▶ _ABOUT THIS TASK_: Please, starting at the line that contains "5456 Degnan Dr", reproduce every line exactly until the records run out, skipping all pictures.

▶ _RECORDS PROVIDED_:
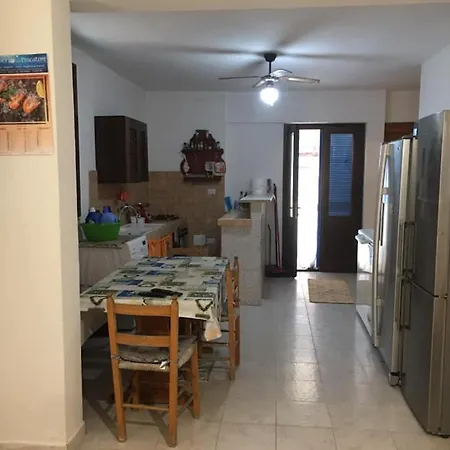 Appartamento Jolanda Torre Mozza 50 mt spiaggia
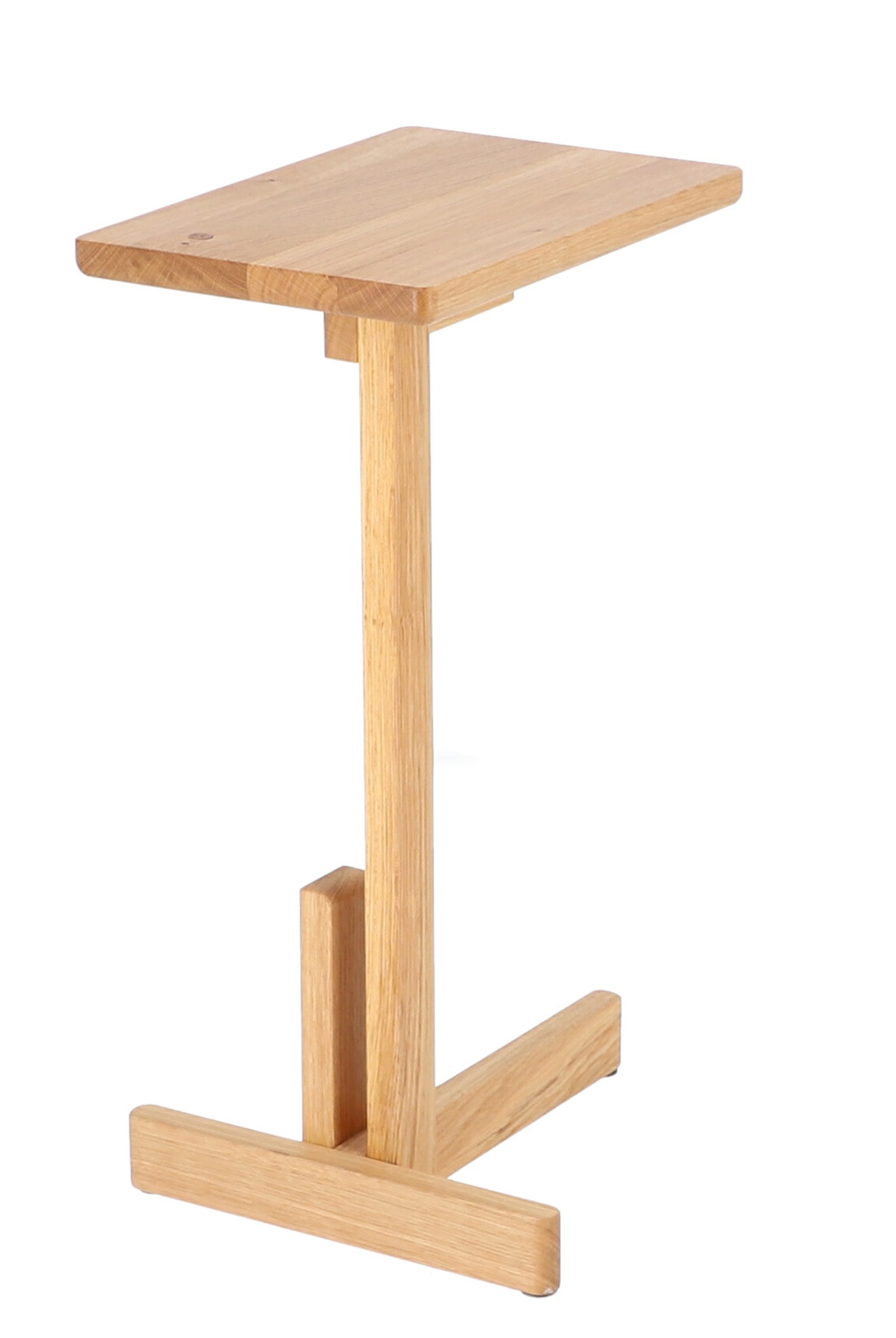 Der schlichte Beistelltisch Laurel wurde aus Eichenholz gefertigt. Besonders auffällig ist seine besondere Form. Der Tisch ist ein Produkt der Marke Jan Kurtz.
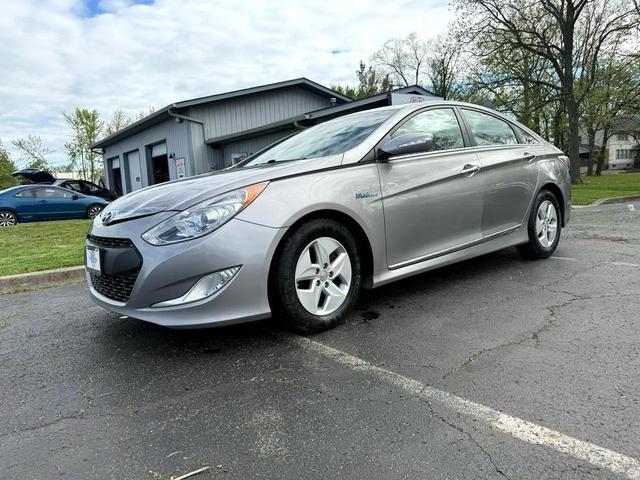 Photo of 2012 Radiant Silver Metallic Hyundai SONATA Hybrid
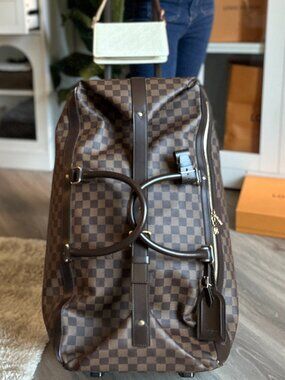 Louis Vuitton  Eole 60   Rolling Suitcase Luggage with Retractable Handle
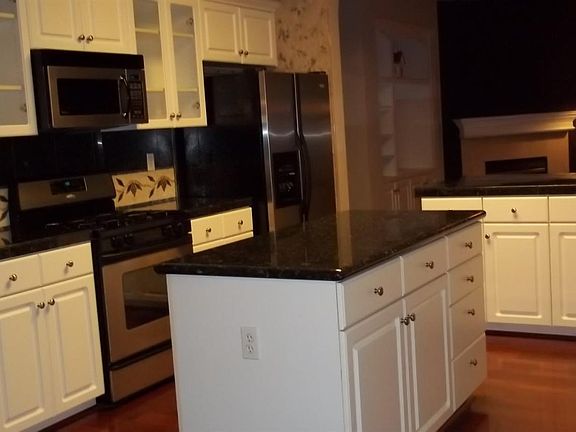 4th image of 5524 Chancellor Way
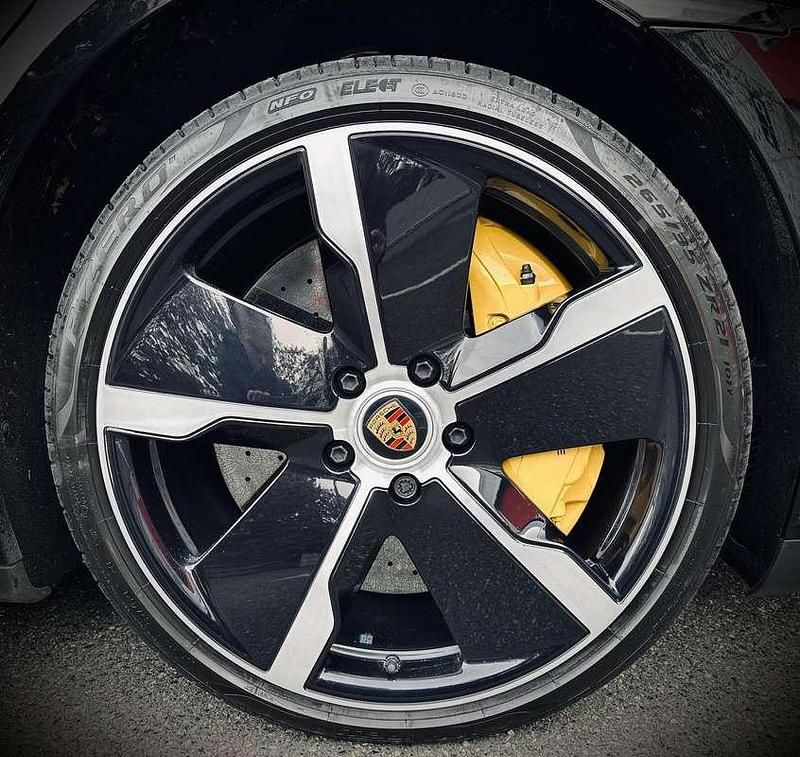 Usata Porsche Taycan Turbo S 559 kW (761 CV) 2023 Nero Berlina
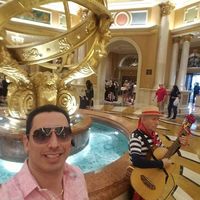 V E. Manuel Toscano's Photo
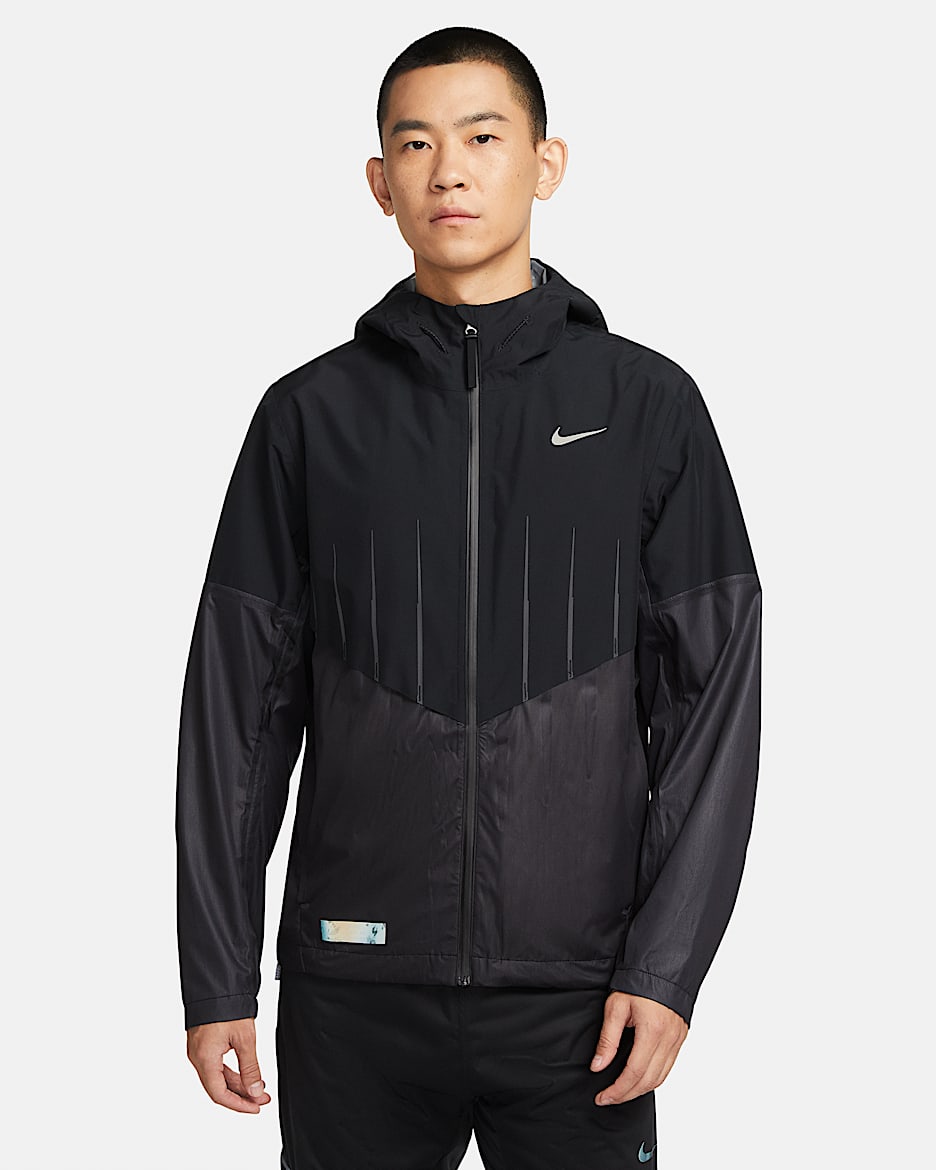ナイキ ランニング ディビジョン エアロガミ メンズ Storm-FIT ADV ランニングジャケット - ブラック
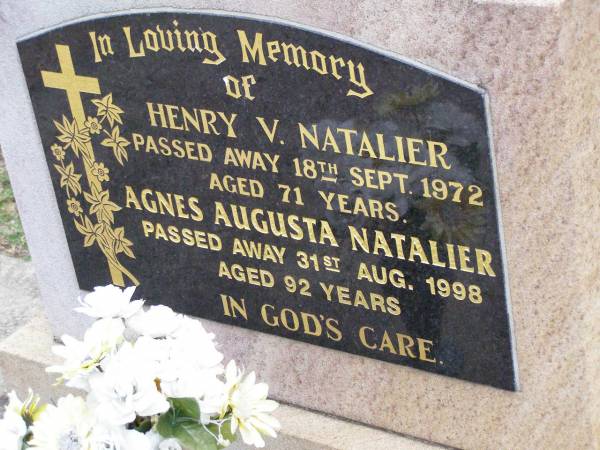 Henry V. NATALIER,  | died 18 Sept 1972 aged 71 years;  | Agnes Augusta NATALIER,  | died 31 Aug 1998 aged 92 years;  | Ropeley Immanuel Lutheran cemetery, Gatton Shire  | 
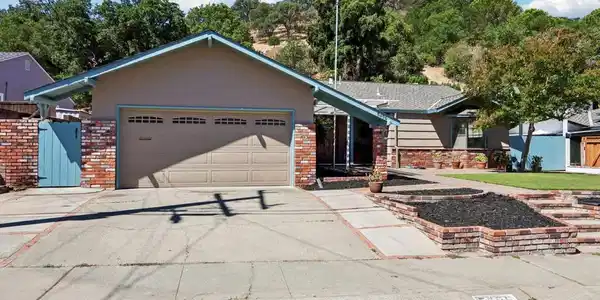 5456 Degnan Dr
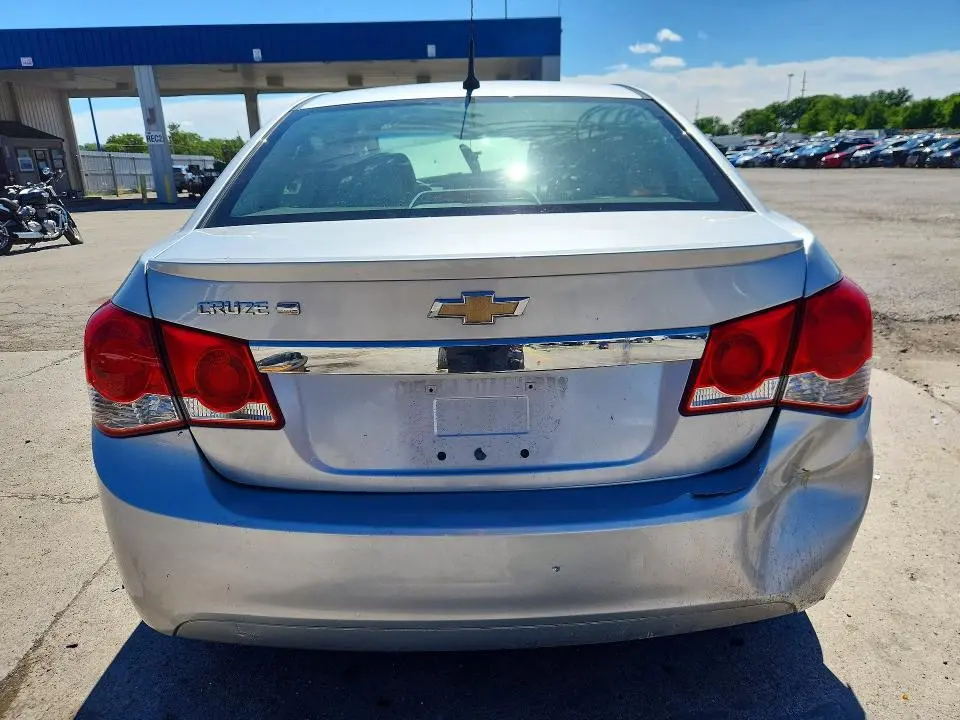 2011 CHEVROLET CRUZE LT  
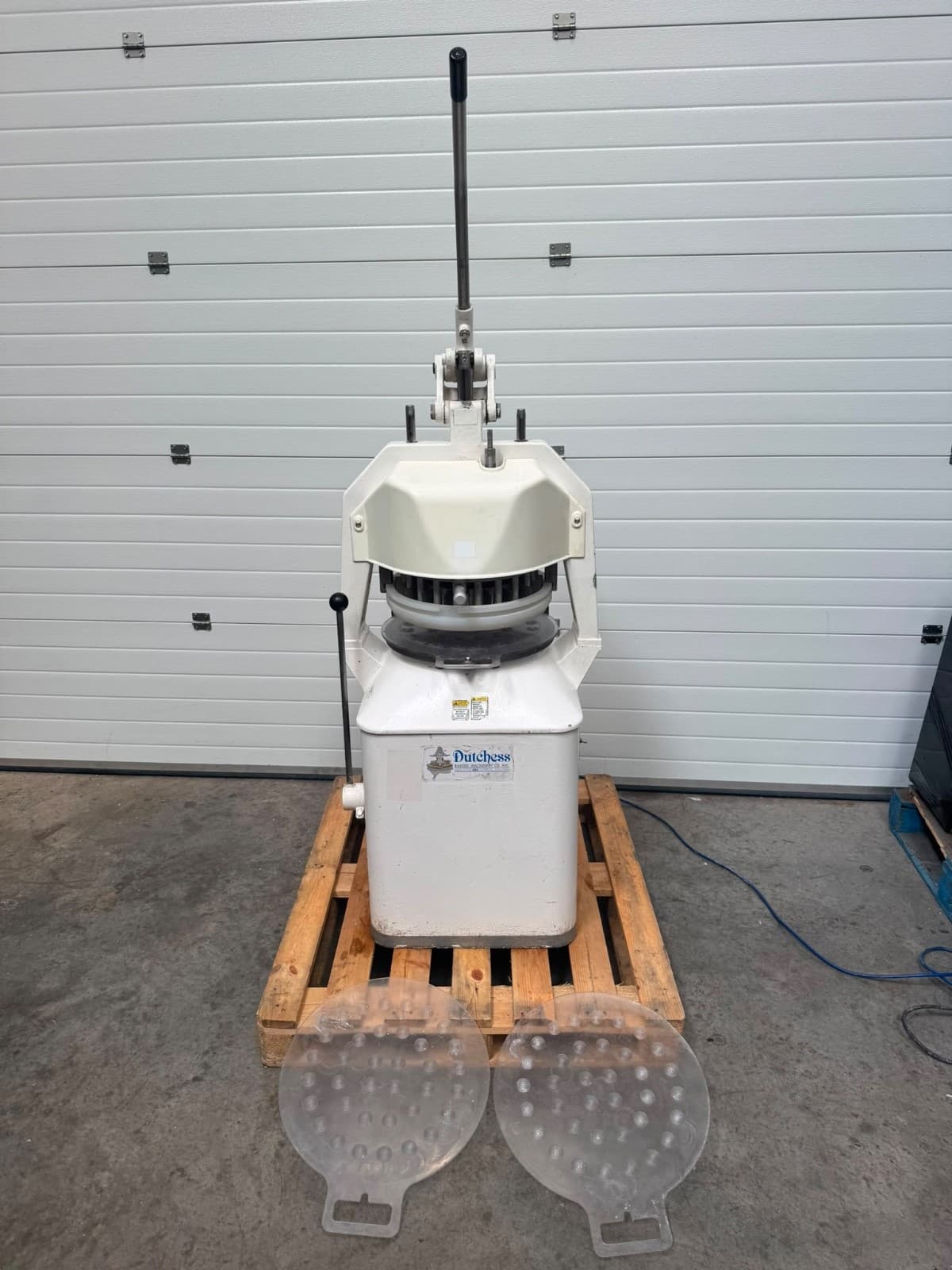 Dutchess Model JN 36 Part Dough Divider Moulder Semi Auto Bun Roll Bakery BDM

▶ _RESPONSE AREA_:
 5456 Degnan Dr
 2011 CHEVROLET CRUZE LT  
 Dutchess Model JN 36 Part Dough Divider Moulder Semi Auto Bun Roll Bakery BDM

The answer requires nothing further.